:: Source data ::
......

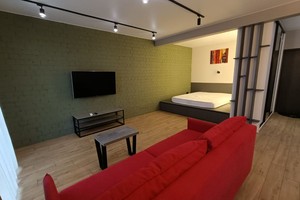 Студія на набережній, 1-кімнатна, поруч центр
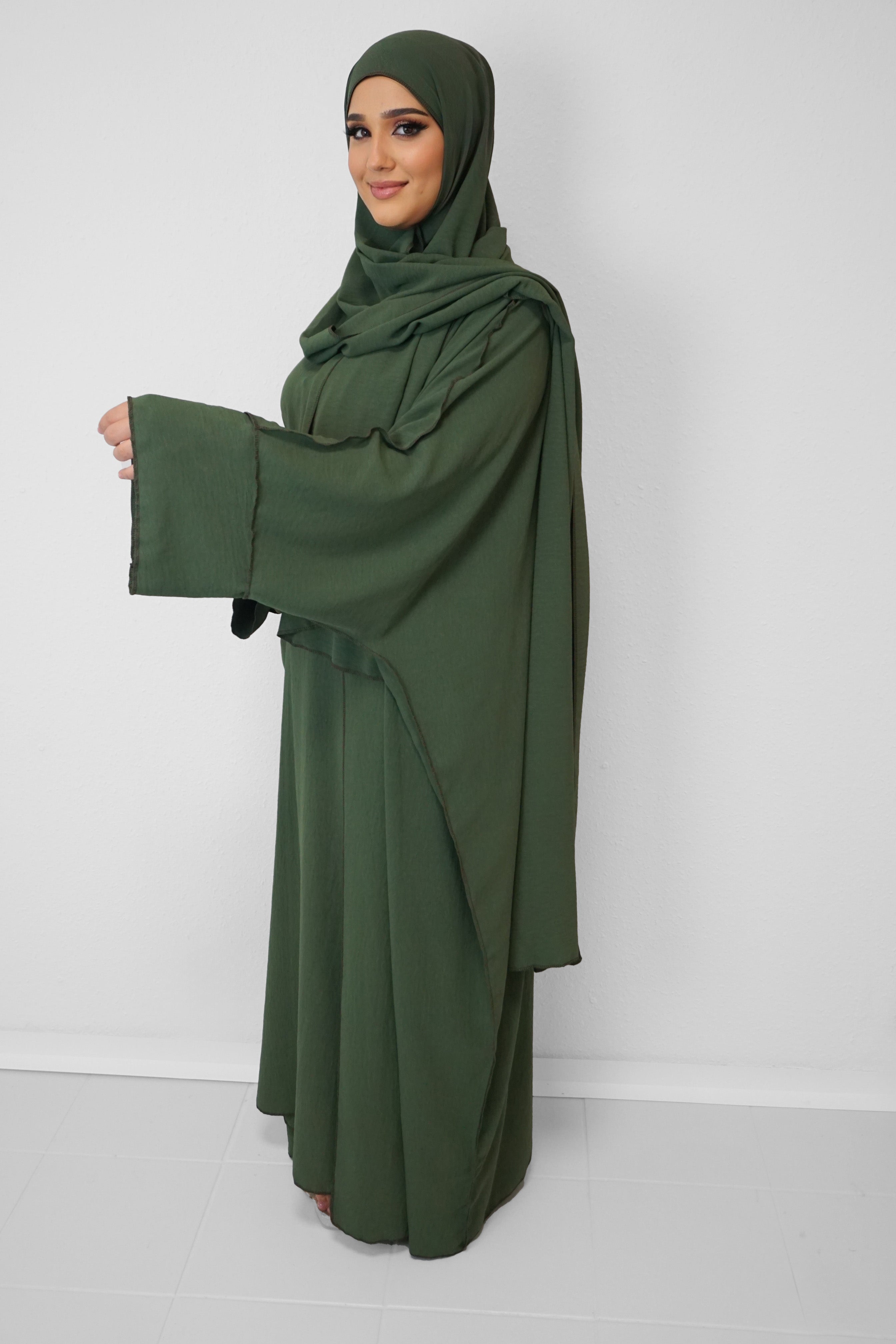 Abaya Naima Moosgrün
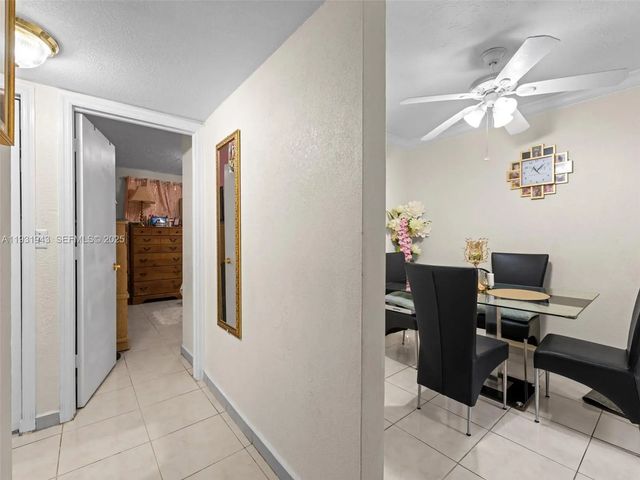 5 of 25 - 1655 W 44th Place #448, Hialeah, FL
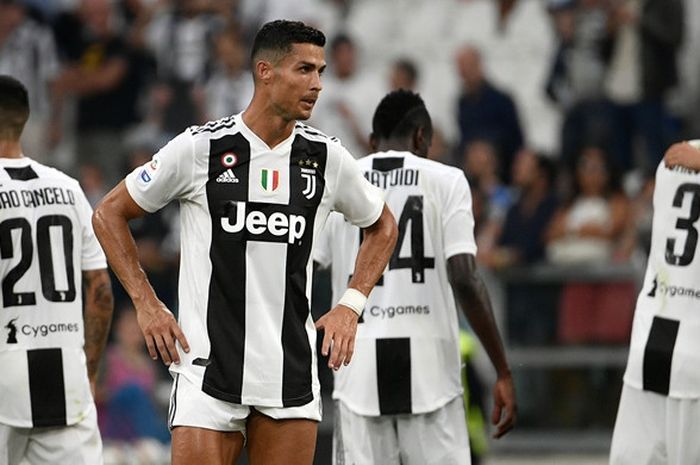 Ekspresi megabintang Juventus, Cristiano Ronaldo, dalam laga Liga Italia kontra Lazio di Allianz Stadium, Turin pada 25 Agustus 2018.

......

:: Work to be completed ::
In the reply, each line of the data must appear exactly as written, and no picture may appear.

:: Solved exercise ::
 Студія на набережній, 1-кімнатна, поруч центр
 Abaya Naima Moosgrün
 5 of 25 - 1655 W 44th Place #448, Hialeah, FL
 Ekspresi megabintang Juventus, Cristiano Ronaldo, dalam laga Liga Italia kontra Lazio di Allianz Stadium, Turin pada 25 Agustus 2018.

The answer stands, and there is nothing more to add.